February 14, 2008

The Roots office is small, but manages to house a couch and a number of plastic chairs as well as a computer. This past Sunday we all crammed into the office for the meeting -- there had been a soccer tournament earlier in the day and it was simply easier to meet in the office after the match. It was a bit tight for the thirty-odd people in attendance; some shared seats, some stood or leaned against the wall. The discussion topic was the second anniversary celebration, which is coming up in a few months. Roots is run on democratic principles, so most of the decisions are made by holding discussions and then voting. It was decided by vote that the party would be held in a park, rather than in a bar or hotel, not only to save money but so that the younger kids could also attend. Transporting all those kids will be a challenge, though -- it's difficult to travel with a bunch of children by matatu, so that's one of the kinks they'll have to work out. There was also discussion about new soccer uniforms, since the Roots team has been using the same shirts for years, and they're getting pretty rough around the edges. Does anyone reading this have any sports connections at all? Even old used shirts from teams that don't want them anymore would be very welcome. Do let me know if you know of a team willing to donate their old stuff for boys in their teens and twenties.

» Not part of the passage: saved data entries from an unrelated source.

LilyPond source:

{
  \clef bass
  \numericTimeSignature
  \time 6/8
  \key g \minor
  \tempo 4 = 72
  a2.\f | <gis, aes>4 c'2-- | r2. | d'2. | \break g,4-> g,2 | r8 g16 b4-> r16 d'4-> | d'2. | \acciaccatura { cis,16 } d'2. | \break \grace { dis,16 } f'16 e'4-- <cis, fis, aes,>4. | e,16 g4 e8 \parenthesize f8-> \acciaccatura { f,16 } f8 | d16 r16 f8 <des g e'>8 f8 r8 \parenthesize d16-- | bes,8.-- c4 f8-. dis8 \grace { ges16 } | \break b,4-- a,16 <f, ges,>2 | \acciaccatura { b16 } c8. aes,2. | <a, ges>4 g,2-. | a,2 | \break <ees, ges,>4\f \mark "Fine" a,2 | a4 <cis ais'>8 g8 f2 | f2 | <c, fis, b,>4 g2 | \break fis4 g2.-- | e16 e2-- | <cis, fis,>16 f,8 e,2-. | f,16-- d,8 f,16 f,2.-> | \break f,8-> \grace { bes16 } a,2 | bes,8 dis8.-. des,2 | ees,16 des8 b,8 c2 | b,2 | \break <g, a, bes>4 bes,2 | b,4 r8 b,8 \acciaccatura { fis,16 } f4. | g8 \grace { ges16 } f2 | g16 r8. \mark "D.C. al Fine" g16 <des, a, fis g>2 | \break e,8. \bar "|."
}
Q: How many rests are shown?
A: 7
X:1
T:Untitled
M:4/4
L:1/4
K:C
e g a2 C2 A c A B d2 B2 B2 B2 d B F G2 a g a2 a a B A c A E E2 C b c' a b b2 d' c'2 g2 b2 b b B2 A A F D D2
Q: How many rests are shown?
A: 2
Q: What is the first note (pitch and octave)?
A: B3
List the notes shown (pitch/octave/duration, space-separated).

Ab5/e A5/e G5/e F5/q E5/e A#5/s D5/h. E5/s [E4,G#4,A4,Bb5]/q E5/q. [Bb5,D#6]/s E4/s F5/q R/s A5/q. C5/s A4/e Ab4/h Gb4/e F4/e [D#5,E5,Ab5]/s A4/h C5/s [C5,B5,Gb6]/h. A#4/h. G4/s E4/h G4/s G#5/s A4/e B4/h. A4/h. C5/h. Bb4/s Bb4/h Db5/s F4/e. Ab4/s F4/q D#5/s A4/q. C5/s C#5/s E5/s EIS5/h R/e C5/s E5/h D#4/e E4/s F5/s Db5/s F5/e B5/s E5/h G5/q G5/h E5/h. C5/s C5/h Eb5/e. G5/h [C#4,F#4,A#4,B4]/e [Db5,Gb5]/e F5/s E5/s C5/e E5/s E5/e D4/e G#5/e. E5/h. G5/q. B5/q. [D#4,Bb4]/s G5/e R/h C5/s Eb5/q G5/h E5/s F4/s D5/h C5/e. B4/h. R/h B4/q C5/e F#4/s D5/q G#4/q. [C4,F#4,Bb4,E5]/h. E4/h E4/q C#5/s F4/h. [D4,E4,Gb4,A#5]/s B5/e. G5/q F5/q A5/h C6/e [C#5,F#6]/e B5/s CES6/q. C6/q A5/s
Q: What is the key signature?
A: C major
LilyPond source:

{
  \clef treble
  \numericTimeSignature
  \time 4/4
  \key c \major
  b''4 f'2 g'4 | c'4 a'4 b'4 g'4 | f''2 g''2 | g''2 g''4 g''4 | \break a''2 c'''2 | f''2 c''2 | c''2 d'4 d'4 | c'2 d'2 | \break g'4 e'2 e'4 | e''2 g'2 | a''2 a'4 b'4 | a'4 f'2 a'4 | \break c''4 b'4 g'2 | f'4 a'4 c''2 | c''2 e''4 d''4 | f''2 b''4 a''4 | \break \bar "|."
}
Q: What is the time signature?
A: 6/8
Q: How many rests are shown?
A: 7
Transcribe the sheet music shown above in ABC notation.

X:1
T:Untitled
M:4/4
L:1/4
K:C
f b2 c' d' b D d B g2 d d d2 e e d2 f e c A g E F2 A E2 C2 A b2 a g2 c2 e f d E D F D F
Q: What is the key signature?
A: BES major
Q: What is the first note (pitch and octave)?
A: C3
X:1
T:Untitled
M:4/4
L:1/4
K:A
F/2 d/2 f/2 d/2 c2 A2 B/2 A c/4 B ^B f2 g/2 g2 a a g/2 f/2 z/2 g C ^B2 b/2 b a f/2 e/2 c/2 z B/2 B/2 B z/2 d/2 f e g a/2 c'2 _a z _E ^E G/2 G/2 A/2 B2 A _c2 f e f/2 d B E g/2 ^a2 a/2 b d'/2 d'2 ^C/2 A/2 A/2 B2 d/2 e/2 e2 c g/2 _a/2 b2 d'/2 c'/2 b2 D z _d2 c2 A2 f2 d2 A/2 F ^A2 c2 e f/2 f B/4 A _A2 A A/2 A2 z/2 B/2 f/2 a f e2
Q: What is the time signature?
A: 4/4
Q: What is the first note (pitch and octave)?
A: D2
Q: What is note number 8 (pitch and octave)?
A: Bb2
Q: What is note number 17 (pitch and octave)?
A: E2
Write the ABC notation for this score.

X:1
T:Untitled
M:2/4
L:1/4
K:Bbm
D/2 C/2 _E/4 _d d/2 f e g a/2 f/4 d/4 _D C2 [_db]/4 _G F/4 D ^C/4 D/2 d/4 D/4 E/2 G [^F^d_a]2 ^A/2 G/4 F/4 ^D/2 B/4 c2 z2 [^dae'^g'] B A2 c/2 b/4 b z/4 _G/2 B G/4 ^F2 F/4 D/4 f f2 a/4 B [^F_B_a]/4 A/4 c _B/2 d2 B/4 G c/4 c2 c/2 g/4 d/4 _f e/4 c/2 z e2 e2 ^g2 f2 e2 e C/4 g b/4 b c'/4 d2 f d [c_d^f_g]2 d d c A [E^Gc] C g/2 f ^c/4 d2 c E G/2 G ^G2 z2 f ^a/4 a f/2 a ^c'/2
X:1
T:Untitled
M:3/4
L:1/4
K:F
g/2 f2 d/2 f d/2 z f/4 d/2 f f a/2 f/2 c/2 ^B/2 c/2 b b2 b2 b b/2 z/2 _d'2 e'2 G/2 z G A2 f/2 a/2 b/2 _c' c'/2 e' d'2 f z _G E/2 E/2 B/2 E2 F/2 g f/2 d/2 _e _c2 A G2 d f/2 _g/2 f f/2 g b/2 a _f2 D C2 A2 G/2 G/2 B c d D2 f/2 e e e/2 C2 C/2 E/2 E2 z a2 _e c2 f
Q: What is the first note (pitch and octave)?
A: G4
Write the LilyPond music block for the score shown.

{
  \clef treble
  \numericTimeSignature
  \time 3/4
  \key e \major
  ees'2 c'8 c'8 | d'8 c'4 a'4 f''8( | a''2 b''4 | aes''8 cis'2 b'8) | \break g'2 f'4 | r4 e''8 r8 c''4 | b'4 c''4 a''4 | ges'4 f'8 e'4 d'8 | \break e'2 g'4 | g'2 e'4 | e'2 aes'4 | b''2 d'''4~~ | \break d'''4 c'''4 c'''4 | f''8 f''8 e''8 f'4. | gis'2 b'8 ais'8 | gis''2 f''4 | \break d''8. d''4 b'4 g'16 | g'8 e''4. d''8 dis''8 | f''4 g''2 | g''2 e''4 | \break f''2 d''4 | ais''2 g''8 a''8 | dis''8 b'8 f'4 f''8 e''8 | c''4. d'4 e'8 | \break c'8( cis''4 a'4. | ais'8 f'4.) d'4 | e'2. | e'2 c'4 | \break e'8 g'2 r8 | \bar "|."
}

There's also a tiny library in the office, really just a few shelves in the corner to collect any books that members come across. A lot of them are booklets published by the UN, the ILO and other organizations, but there are some novels and coffee table books as well. While we were waiting for the meeting to start, I came across a book on law and the status of women in Kenya. There I found something that I kind of knew already, but it surprised me to see how it had been written into the Constitution. It turns out that there are four different systems of family law in Kenya: Christian/statutory, Hindu, Islamic and African customary. It's really interesting to see how the legal system has dealt with different cultural groups as well as the urban-rurual divide, but the way that marriage is set up in different systems is very problematic from a gender standpoint. Both African customary and Islamic systems are potentially polygamous and the bride may be of any age, including infants. Women married under these systems are not entitled to any property if their husbands die or divorce them. Customary law allows for many types of marriage which are not consensual, such as surrogate, woman inheritance, child and forced marriages. The husband also had the right to chastise (i.e. beat) his wife for adultery, practicing "witchcraft", or failing to carry out her wifely duties (cooking, cleaning, fetching wood and water, caring for the children, having sex on demand, etc.).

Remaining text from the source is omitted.